━━ SOURCE INFORMATION

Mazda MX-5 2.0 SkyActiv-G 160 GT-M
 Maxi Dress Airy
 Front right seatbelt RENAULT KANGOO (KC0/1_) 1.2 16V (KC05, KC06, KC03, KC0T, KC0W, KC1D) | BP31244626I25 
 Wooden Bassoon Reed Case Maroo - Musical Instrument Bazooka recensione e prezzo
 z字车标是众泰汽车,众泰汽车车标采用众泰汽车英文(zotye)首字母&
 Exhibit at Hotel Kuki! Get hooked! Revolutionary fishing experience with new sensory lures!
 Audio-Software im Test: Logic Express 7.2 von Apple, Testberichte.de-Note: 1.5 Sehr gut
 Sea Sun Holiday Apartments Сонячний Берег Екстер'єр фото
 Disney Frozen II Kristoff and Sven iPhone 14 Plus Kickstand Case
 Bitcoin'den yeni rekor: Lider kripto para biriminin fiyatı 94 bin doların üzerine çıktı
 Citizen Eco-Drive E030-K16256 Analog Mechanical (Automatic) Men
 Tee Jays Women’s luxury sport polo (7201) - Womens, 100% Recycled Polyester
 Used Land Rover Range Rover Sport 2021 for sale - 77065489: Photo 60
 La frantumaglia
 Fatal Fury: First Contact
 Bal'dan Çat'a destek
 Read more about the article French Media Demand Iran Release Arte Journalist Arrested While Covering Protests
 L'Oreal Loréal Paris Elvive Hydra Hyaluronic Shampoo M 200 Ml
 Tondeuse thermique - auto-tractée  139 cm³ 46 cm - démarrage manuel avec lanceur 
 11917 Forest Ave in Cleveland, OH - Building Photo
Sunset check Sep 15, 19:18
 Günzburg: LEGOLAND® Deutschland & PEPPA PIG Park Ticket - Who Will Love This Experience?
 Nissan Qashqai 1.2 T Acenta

━━━━

→ **BRIEF**
Could you restate word for word the lines above, from the one that contains "La frantumaglia" through the one that contains "Sunset check Sep 15, 19:18", and no others?

→ **TASK OUTPUT**
 La frantumaglia
 Fatal Fury: First Contact
 Bal'dan Çat'a destek
 Read more about the article French Media Demand Iran Release Arte Journalist Arrested While Covering Protests
 L'Oreal Loréal Paris Elvive Hydra Hyaluronic Shampoo M 200 Ml
 Tondeuse thermique - auto-tractée  139 cm³ 46 cm - démarrage manuel avec lanceur 
 11917 Forest Ave in Cleveland, OH - Building Photo
Sunset check Sep 15, 19:18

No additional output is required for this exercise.